By YUSUKE MORISHITA/ Staff Writer
May 5, 2025 at 16:04 JST
Lawyers groups are pressing Japan to join other countries in demanding the United States rescind its sanctions imposed on the International Criminal Court over its actions concerning Israel’s bombardment of the Gaza Strip.
U.S. President Donald Trump signed the executive order for the sanctions on Feb. 6 concerning the ICC’s arrest warrant issued in November for Israeli Prime Minister Benjamin Netanyahu on suspicion of war crimes.
Seventy-nine of the court’s 125 member states immediately condemned the U.S. move in a joint statement. But Japan, an ICC member, did not sign the statement out of fear of worsening relations with the United States.
The Aichi Bar Association was one of the first lawyers’ groups in Japan that issued a statement criticizing Trump’s executive order, which includes sanctions on the ICC’s prosecutor.
“A politician is trying to distort the role of the judiciary by force,” said lawyer Kentaro Uematsu, a member of the association. “Japan could suffer the same fate someday if we overlook political intervention with the judiciary (in the international community).”
The ICC, based in The Hague, prosecutes and tries individuals accused of war crimes and other serious violations of international law.
Tomoko Akane, a former prosecutor at the Supreme Public Prosecutors Office, has been serving a three-year term as ICC president since March 2024.
Uematsu, who studied under Akane at Nagoya University’s Graduate School of Law when she was a professor, heard his mentor speak at an alumni reunion in November.
While the ICC was not originally something close to him, Uematsu said he learned that the importance of holding those engaged in illegal acts criminally accountable is the same in Japan and abroad.
He raised his voice against the executive order with other students of Akane, including lawyer Yosuke Shamoto.
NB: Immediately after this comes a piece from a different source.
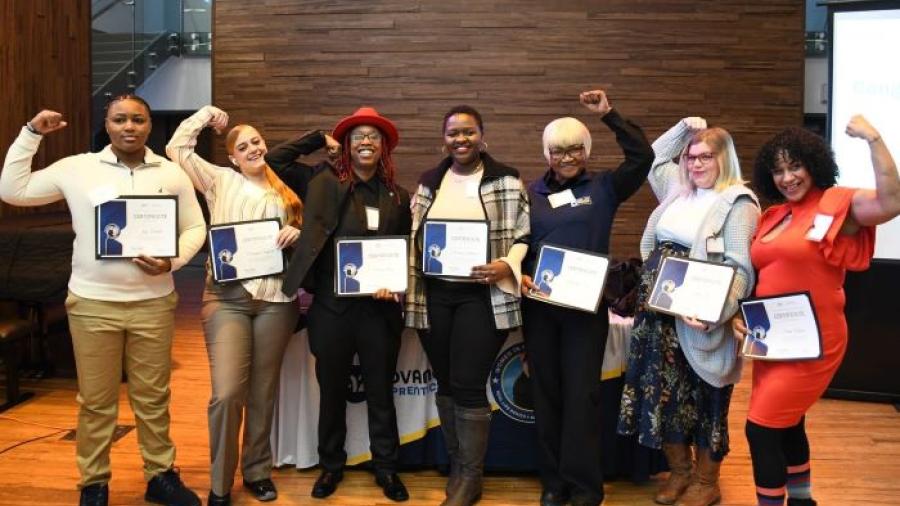Real Life Rosie program graduates pose for a group photo at their graduation ceremony on the Onondaga Community College campus.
“The United States, which established the international order after World War II, is running counter to it,” said Shamoto, another member of the Aichi Bar Association. “It is significant for Japan to work on the United States exactly because Japan prioritizes the rule of law.”
The Aichi Bar Association and the Osaka Bar Association separately issued statements against Trump’s executive order on March 7.
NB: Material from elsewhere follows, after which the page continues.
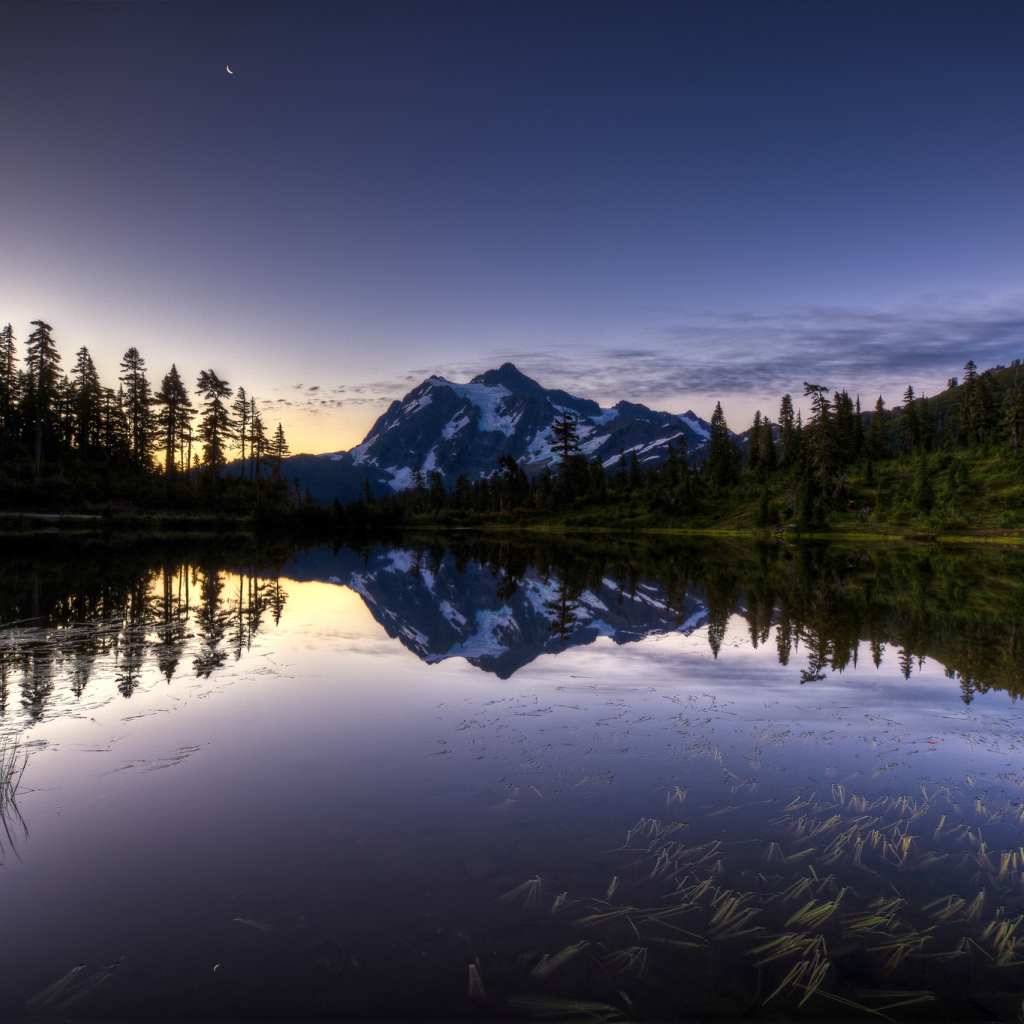 Заснеженная гора и лес отражается в озере вечером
“The sanctions against the ICC could reject the independence of the judiciary and the rule of law altogether,” the Osaka Bar Association said in its statement.
The Japan Federation of Bar Associations, as well as the Tokyo Bar Association and other groups, followed suit with their own statements.
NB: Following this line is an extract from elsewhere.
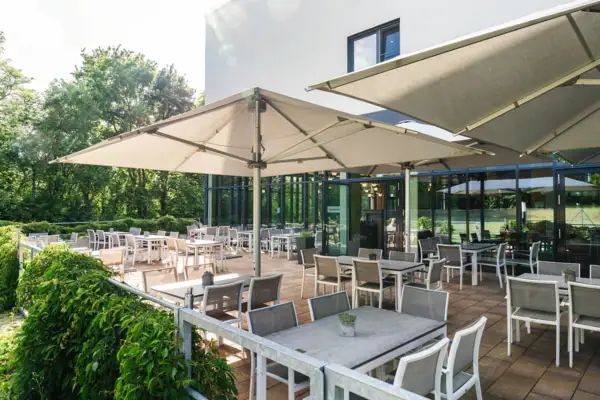 A terrace with outdoor tables and chairs.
In his executive order, Trump said the ICC has engaged in “illegitimate and baseless actions targeting America and our close ally Israel.”
He said the court has “no jurisdiction” over the United States or Israel because neither country is a member.
Currently, the ICC prosecutor is the only individual designated as sanctioned, but some officials have left the court because the executive order said those who provide support to him could face penalties.
Megumi Ochi, an associate professor of international criminal law at Ritsumeikan University, said international criminal justice has been established as grass-roots movements crossed national borders and developed into a large social activity.
“In that sense, the actions by bar associations are necessary to establish justice (in the international community),” she said.
Ochi said victims of war crimes will suffer a serious setback if the ICC fails to work properly because they will become unable to seek the truth.